I was in the United States last week during the heat wave that snaked its way up from Texas and the South across the Eastern Seaboard and into central Canada. For sure, it was stinkin’ hot. One night, my family and I went to a Pittsburgh Pirates game when the humidex temperature was 41C. There wasn’t enough frozen lemonade in the stadium to make that comfortable.
From all the headlines and waitress small talk about the heat, you would have imagined the hot, muggy weather was unusual. Yet, throughout the entire week of sweltering temperatures and sizzling news stories, just 0.6% of nearly 6,000 U.S. weather stations witnessed a record daily high.
According to the
climate blog Hockey Schtick, “there were no records broken on July 17, July 18, July 19, or July 20th. A total of four stations broke records on July 21, 20 on July 22, and 10 on July 23, 2011.” And we’re not talking about all-time record highs – the highest temperature ever recorded at a specific location – but merely daily records. No U.S. weather station recorded its highest temperature ever during the heat wave of 2011, and just 34 hit historic highs for a single date.

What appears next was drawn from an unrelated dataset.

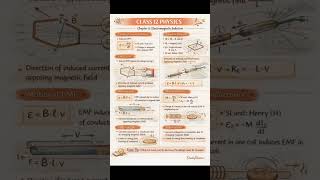 class 12 physics quick revision short notes #ytshorts #trending #upscmotivation #classxi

If we were suffering the effects of global warming, wouldn’t you think there would be higher highs, that each year’s heat wave would be worse than the last? If the planet was slowly getting hotter, wouldn’t you imagine a quarter of weather stations would break daily heat records during each summer’s peak temperatures and some smaller percentage – 10% or even 5% — would see all-time highs?